A feature-by-feature table would run to dozens of rows, but only a handful of differences actually change the decision. Here are the ones that do.
Who each one is built for
This is the difference everything else flows from. Copilot Studio is built for makers: business users and IT pros who value speed and simplicity. Foundry is built for engineers: developer and DevOps teams who need full control and are happy to work in code.
Microsoft itself frames it plainly enough. Reach for Copilot Studio when you want to build custom agents and automate tasks with a low-code approach. Reach for Foundry when you need to build and deploy custom AI applications tailored to specific requirements.
Model choice and customisation
Copilot Studio gives you access to a strong set of models, including the latest from OpenAI and Anthropic, with smart routing that picks an appropriate model for the task. What it doesn’t give you is deep control. You’re not tuning temperature, running your own fine-tuning jobs, or versioning prompts through a pipeline.
Foundry is where that control lives. You get the full model catalogue, fine-tuning, prompt versioning, evaluation gates, and the ability to build custom RAG pipelines with your own vector search.
Where those models run and who controls them is a separate question, and the distinction between Azure OpenAI and the OpenAI API becomes important once real data is involved. For teams building in Foundry, our guide to Azure DevOps best practices covers the CI/CD habits that keep AI projects maintainable.
Microsoft 365 integration and connectors
If your agent needs to live inside Teams, read from SharePoint, and act across Microsoft 365, Copilot Studio has the natural advantage. That integration is native and well-trodden, and the Power Platform connector library extends it across most of the systems a business already runs.
Foundry can reach the same systems, but you’ll typically do it through REST APIs, Power Automate, or custom integration rather than out of the box. The agent service connects to a wide range of enterprise data sources, but the work sits closer to the engineering side. If the value of your project is mostly about meeting people where they already work, Copilot Studio gets you there with less effort.
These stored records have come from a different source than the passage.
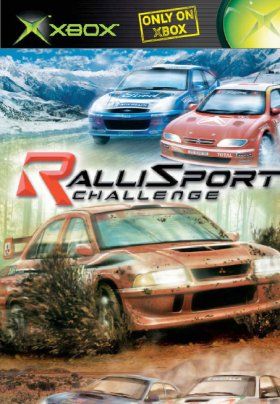 Rallisport Challenge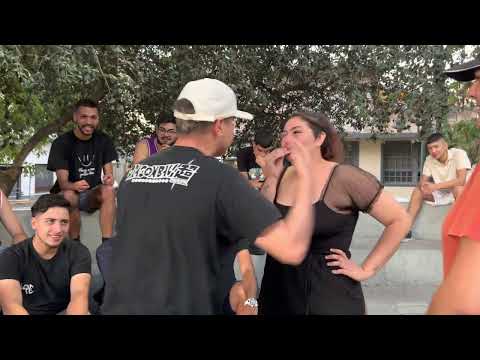 CHAVEZ vs ALUKH - FINAL - LA CAPILLA FREESTYLE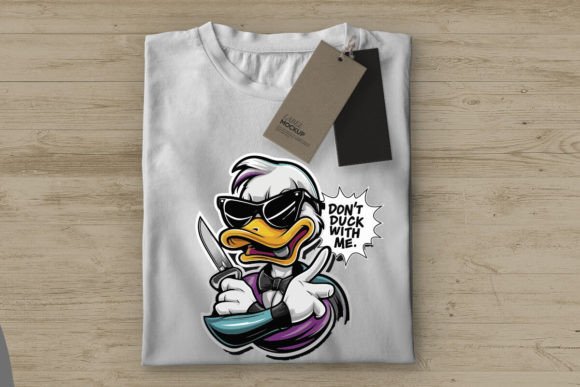 Don t Duck with Me Sarcstic Funny SVG: Integrating High-Resolution Assets into Creative Workflows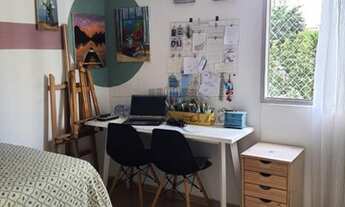 Imagem 2: Apartamento - Edifício Itapeva - Vila Adyana - 65m²- 2 Dormitórios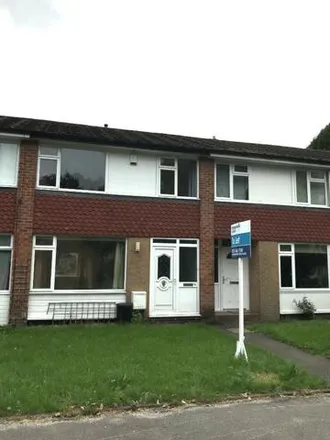 Rent this 3 bed townhouse on 86 Greenhill Way in Shirley, B90 3PY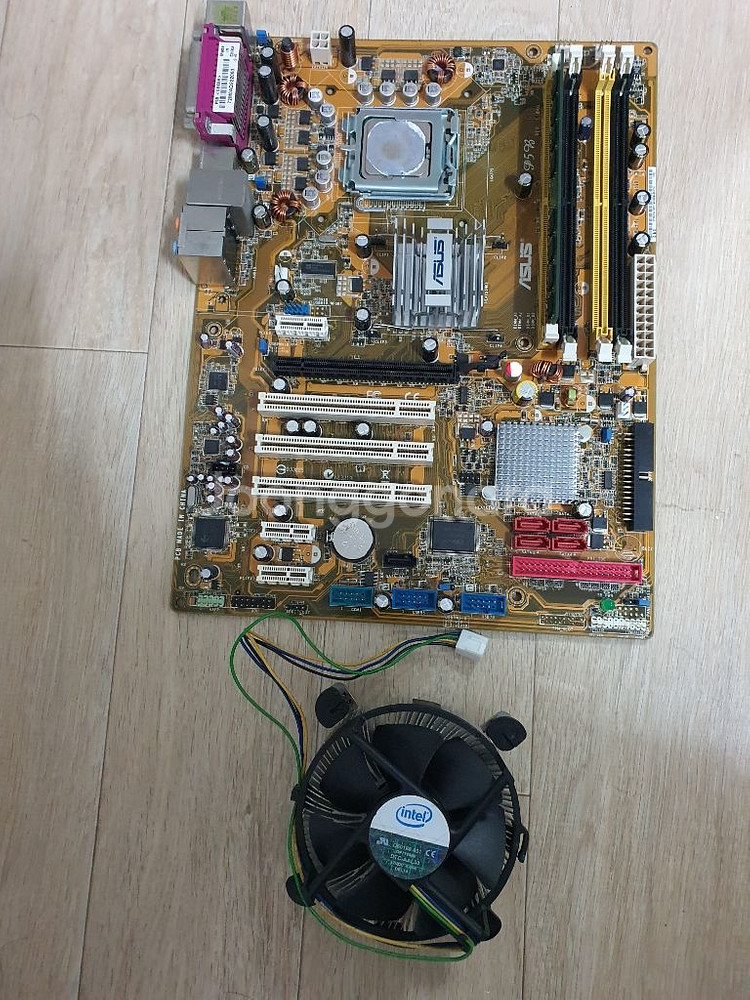 cpu 메인보드 팝니다--0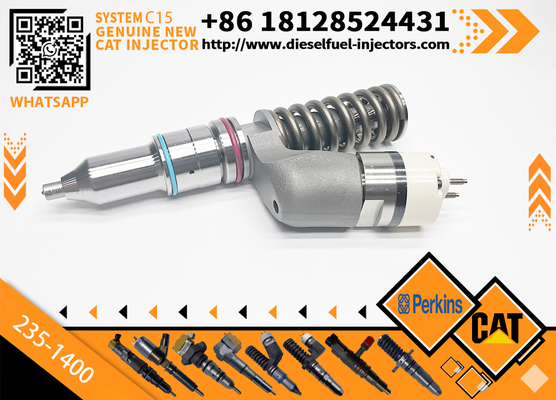 Excavator Injector 2351400 235-1400 2447714 244-7714 For C15 Engine Parts Diesel Nozzle Assembly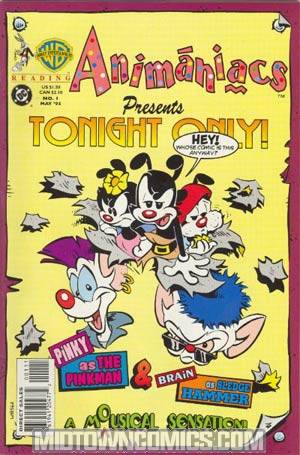 Animaniacs #1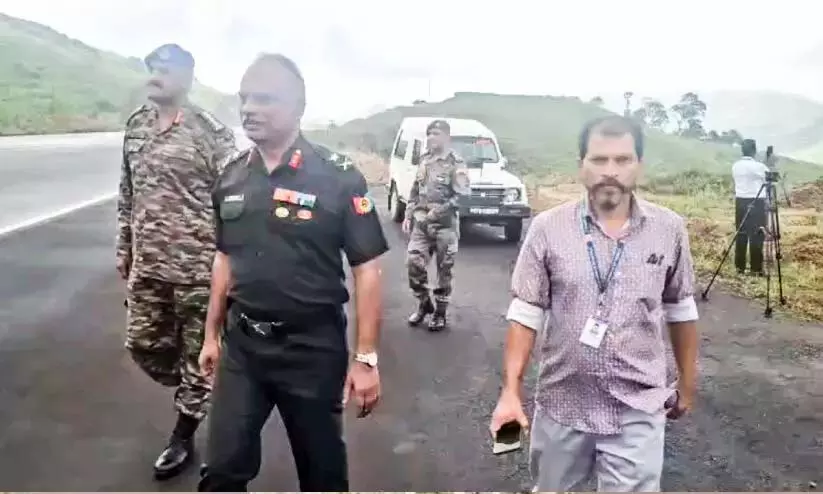 इडुक्की उड़ेगा; सराय हवाई पट्टी उड़ान भरने के लिए तैयार इडुक्की उड़ेगा; सराय हवाई पट्टी उड़ान भरने के लिए तैयार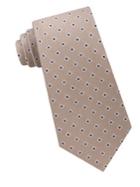 Michael Kors Diamond Dot Neat Silk Tie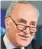  ??  ?? Schumer Smart technology and law enforcemen­t would be “much more effective.”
Building and running agents
Both platforms build agents, and both have moved firmly into the world of autonomous, multi-agent systems. Copilot Studio gives you trigger-based background agents and multi-agent orchestration through a low-code interface, which is genuinely powerful for the audience it serves. Foundry gives you durable, long-running agents with stateful orchestration, multi-agent workflows, and a visual builder. You get far more control over how each agent behaves.
The way to think about it is depth versus speed. Copilot Studio gets an agent live quickly and keeps it manageable. Foundry lets you engineer exactly the behaviour you want, at the cost of more time and skill. Either way, agents tend to sit alongside other automation, and our guide to automation in Azure is worth a look for the wider context of how this fits into a working environment.
Security, governance and data privacy
For governance-led industries this section can be more important than features. Copilot Studio runs as a managed SaaS service inside your Microsoft tenant. You get admin controls, health monitoring through the Power Platform, and agent inventory tooling that lets administrators discover and audit every agent across the organisation. Data privacy is handled within Microsoft’s managed environment.
Foundry gives you more control over where data sits and how agents are constrained. You can deploy into a virtual network with private endpoints and apply guardrails around model behaviour. And for the most sensitive or sovereign requirements, Foundry Local runs models in fully disconnected, air-gapped environments. If data residency and isolation are hard requirements, that level of control is one of the strongest reasons to choose Foundry.
Whichever platform you land on, the fundamentals don’t change. The same Azure security best practices apply before you put any AI agent near production data. Identity and least-privilege access don’t stop mattering just because there’s a model involved.
Pricing and licensing
The two platforms charge in fundamentally different ways, which makes a straight comparison tricky. Rather than quote figures that’ll be out of date by next quarter, it’s more useful to understand the shape of each model.
Copilot Studio uses a credit-based model. You buy a pack of credits per tenant, or pay as you go, and different actions consume different numbers of credits per message. Richer actions, like generative answers and agent actions, cost more than basic ones.
The detail that catches people out, in a good way, is licensing. Anyone who already holds a Microsoft 365 Copilot licence generally doesn’t pay extra Copilot Studio charges for agent use. If your organisation is already invested in Copilot, that can make the running cost of internal agents very low. It’s worth checking exactly what your existing Copilot Studio license entitlements cover before you budget for anything new.
Foundry has no separate platform fee. It uses Azure’s consumption-based pricing, so you pay for what you actually use:
- Supporting services, like search for your RAG pipelines
For guaranteed capacity there are provisioned throughput options on top, and Azure AI Foundry pricing for a real workload depends heavily on which models you run and how much traffic they handle.
The practical takeaway:
- Copilot Studio tends to have a low, predictable cost for internal use, especially where Copilot licences are already in play.
- Foundry costs scale with usage and can climb for heavy, customer-facing workloads.
For anything beyond a rough estimate, the official Microsoft Foundry pricing and Copilot Studio pricing pages are the figures to trust.